> **Data for this exercise**:
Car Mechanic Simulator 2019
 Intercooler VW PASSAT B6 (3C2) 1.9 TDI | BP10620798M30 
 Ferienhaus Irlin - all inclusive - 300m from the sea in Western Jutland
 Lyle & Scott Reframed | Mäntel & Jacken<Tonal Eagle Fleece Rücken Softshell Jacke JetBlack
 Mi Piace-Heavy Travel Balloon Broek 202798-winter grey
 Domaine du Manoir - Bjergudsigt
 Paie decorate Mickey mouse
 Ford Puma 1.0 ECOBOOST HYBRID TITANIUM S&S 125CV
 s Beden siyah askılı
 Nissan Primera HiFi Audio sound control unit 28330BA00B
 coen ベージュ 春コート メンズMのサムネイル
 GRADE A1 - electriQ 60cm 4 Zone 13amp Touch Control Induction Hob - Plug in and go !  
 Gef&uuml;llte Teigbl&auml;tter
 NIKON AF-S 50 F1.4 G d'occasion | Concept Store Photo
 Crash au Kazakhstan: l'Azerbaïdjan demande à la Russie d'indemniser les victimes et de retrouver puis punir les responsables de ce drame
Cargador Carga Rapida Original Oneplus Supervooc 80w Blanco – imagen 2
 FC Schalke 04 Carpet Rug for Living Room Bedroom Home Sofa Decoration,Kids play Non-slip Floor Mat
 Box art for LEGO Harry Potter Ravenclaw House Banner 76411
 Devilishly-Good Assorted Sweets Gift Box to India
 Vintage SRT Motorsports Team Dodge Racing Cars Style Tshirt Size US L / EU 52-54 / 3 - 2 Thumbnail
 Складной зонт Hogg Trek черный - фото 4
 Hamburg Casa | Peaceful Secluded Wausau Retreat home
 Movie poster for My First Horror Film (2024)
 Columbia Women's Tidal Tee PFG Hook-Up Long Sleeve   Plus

> **Directions for this task**: Please reproduce each line above exactly as written.

> **Response to this exercise**:
Car Mechanic Simulator 2019
 Intercooler VW PASSAT B6 (3C2) 1.9 TDI | BP10620798M30 
 Ferienhaus Irlin - all inclusive - 300m from the sea in Western Jutland
 Lyle & Scott Reframed | Mäntel & Jacken<Tonal Eagle Fleece Rücken Softshell Jacke JetBlack
 Mi Piace-Heavy Travel Balloon Broek 202798-winter grey
 Domaine du Manoir - Bjergudsigt
 Paie decorate Mickey mouse
 Ford Puma 1.0 ECOBOOST HYBRID TITANIUM S&S 125CV
 s Beden siyah askılı
 Nissan Primera HiFi Audio sound control unit 28330BA00B
 coen ベージュ 春コート メンズMのサムネイル
 GRADE A1 - electriQ 60cm 4 Zone 13amp Touch Control Induction Hob - Plug in and go !  
 Gef&uuml;llte Teigbl&auml;tter
 NIKON AF-S 50 F1.4 G d'occasion | Concept Store Photo
 Crash au Kazakhstan: l'Azerbaïdjan demande à la Russie d'indemniser les victimes et de retrouver puis punir les responsables de ce drame
Cargador Carga Rapida Original Oneplus Supervooc 80w Blanco – imagen 2
 FC Schalke 04 Carpet Rug for Living Room Bedroom Home Sofa Decoration,Kids play Non-slip Floor Mat
 Box art for LEGO Harry Potter Ravenclaw House Banner 76411
 Devilishly-Good Assorted Sweets Gift Box to India
 Vintage SRT Motorsports Team Dodge Racing Cars Style Tshirt Size US L / EU 52-54 / 3 - 2 Thumbnail
 Складной зонт Hogg Trek черный - фото 4
 Hamburg Casa | Peaceful Secluded Wausau Retreat home
 Movie poster for My First Horror Film (2024)
 Columbia Women's Tidal Tee PFG Hook-Up Long Sleeve   Plus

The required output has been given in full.